Is “Kingsman: The Golden Circle” as good as “Kingsman: The Secret Service?” No. Should you be upset by that? Also, no. The point of the “Kingsman” franchise isn’t to be objectively good, but rather dumb, exaggerated fun that brings a talented cast together for a ridiculous, R-rated action-fest. A lot of people have criticized this sequel thus far for being too much in a single film, and while I can agree that development of some of the newer characters could’ve been more fleshed out, I think beyond that, this sort of extra-ness is exactly what the “Kingsman” series needs to be. What needs to not be done is the senseless writing off of many characters and settings for the servicing of a temporary plot point. This ruins much of the potential that comes with a lot of these enigmatic, likable characters, and I want to see them continue to entertain. If you’re a fan of the original “Kingsman: The Secret Service,” then I can’t see you actively disliking “Kingsman: The Golden Circle.” That initial sense of wonder and disbelief of how crazy this series is has worn off from the first film, but for a sequel to push the boundaries of what’s considered crazy is admirable in itself, even with its flaws.
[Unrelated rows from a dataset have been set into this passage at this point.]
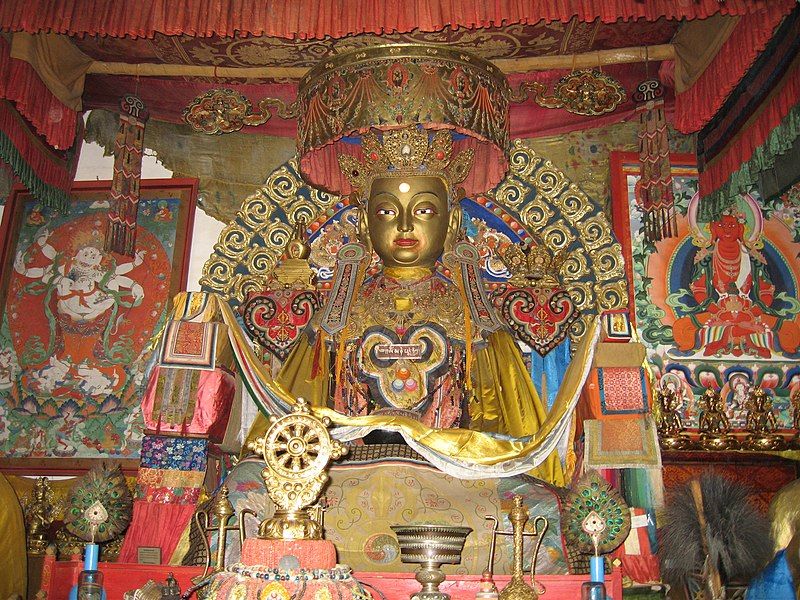 File:BuddhaErdeneZuuMonasteryMongolia.JPG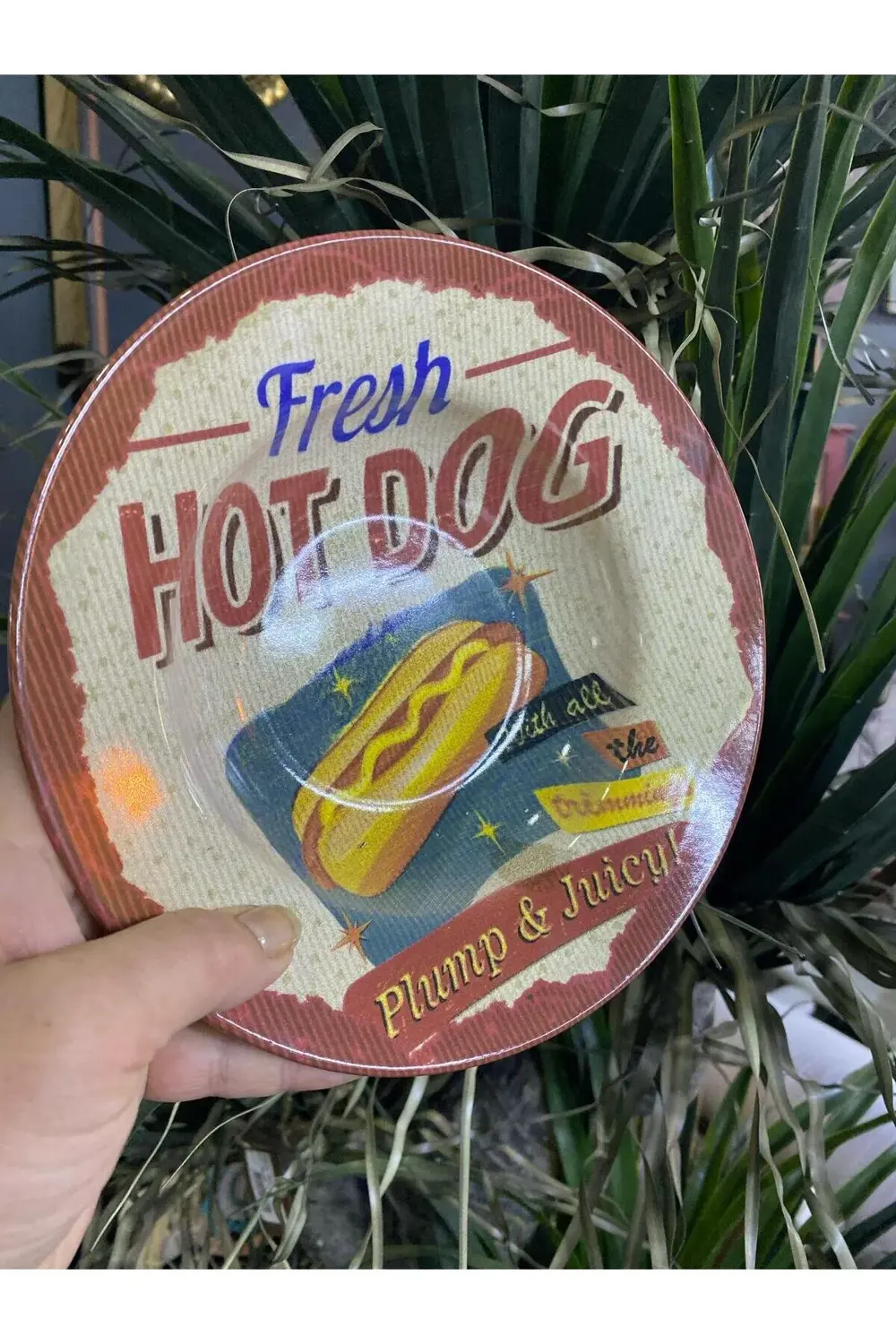 Porselen Makarna Tabağı Tekli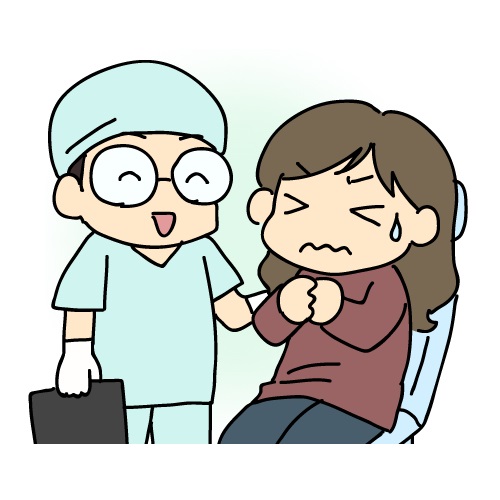 歯科恐怖症　むし歯　麻酔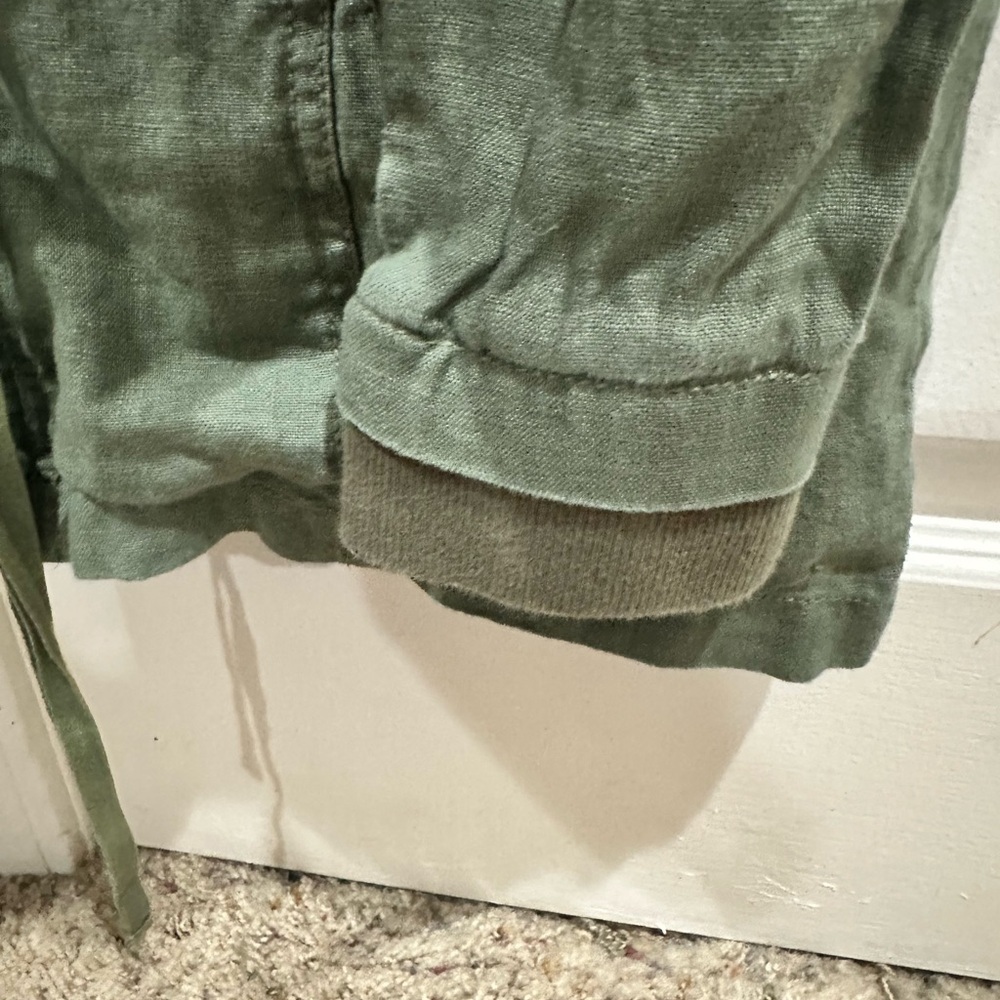 Micheal Stars 100%linen Utility Jacket. Coastal, East Coast, Minimalist - Picture 5 of 13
Flaws, schmaws, I had fun, you’ll have fun and that’s all that matters.


Photo courtesy of 20th Century Fox

Directed by: Matthew Vaughn
Starring: Colin Firth, Julianne Moore, Taron Egerton, Mark Strong, Halle Berry, Pedro Pascal, with Elton John, and Channing Tatum, and Jeff Bridges.
Runtime: 141 minutes.
Rating: R for sequences of strong violence, drug content, language throughout and some sexual material.
Also available in IMAX and Dolby Cinema.

Twentieth Century Fox presents, in association with Marv, a Cloudy production, a film by Matthew Vaughn, “Kingsman: The Golden Circle”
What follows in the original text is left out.